- [WHAT IS NEEDED]:
Begin with the line containing "this 417×626 image." and reproduce it and all later lines exactly, through the last line of the records. Add nothing else.

- [RECORDS FOR PROCESSING]:
========

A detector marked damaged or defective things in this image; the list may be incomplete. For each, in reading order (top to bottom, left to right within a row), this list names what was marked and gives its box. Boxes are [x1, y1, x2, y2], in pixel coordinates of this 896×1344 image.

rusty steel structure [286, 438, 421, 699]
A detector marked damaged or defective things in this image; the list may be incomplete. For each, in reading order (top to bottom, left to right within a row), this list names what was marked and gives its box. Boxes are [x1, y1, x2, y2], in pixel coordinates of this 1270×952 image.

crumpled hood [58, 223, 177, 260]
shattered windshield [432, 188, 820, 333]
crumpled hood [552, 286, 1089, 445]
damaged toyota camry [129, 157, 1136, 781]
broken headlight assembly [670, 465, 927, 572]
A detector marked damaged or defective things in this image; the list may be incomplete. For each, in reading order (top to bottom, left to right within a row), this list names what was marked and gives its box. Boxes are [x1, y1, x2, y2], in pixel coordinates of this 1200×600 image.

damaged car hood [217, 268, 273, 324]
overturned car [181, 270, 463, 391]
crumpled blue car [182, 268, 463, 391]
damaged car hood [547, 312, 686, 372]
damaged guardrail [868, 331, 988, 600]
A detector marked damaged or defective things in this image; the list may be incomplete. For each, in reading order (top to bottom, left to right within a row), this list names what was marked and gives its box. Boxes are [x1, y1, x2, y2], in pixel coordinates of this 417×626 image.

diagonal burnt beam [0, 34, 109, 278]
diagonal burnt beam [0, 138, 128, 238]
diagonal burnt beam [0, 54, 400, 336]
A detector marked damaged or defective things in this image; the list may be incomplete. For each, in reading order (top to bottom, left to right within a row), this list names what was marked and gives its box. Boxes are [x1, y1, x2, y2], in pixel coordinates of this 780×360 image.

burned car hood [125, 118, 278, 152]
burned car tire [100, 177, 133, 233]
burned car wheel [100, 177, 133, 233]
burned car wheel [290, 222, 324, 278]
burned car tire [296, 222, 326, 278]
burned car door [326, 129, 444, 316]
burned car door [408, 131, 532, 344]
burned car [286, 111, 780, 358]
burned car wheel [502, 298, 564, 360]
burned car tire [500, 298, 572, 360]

========

- [ANSWER BOX]:
A detector marked damaged or defective things in this image; the list may be incomplete. For each, in reading order (top to bottom, left to right within a row), this list names what was marked and gives its box. Boxes are [x1, y1, x2, y2], in pixel coordinates of this 417×626 image.

diagonal burnt beam [0, 34, 109, 278]
diagonal burnt beam [0, 138, 128, 238]
diagonal burnt beam [0, 54, 400, 336]
A detector marked damaged or defective things in this image; the list may be incomplete. For each, in reading order (top to bottom, left to right within a row), this list names what was marked and gives its box. Boxes are [x1, y1, x2, y2], in pixel coordinates of this 780×360 image.

burned car hood [125, 118, 278, 152]
burned car tire [100, 177, 133, 233]
burned car wheel [100, 177, 133, 233]
burned car wheel [290, 222, 324, 278]
burned car tire [296, 222, 326, 278]
burned car door [326, 129, 444, 316]
burned car door [408, 131, 532, 344]
burned car [286, 111, 780, 358]
burned car wheel [502, 298, 564, 360]
burned car tire [500, 298, 572, 360]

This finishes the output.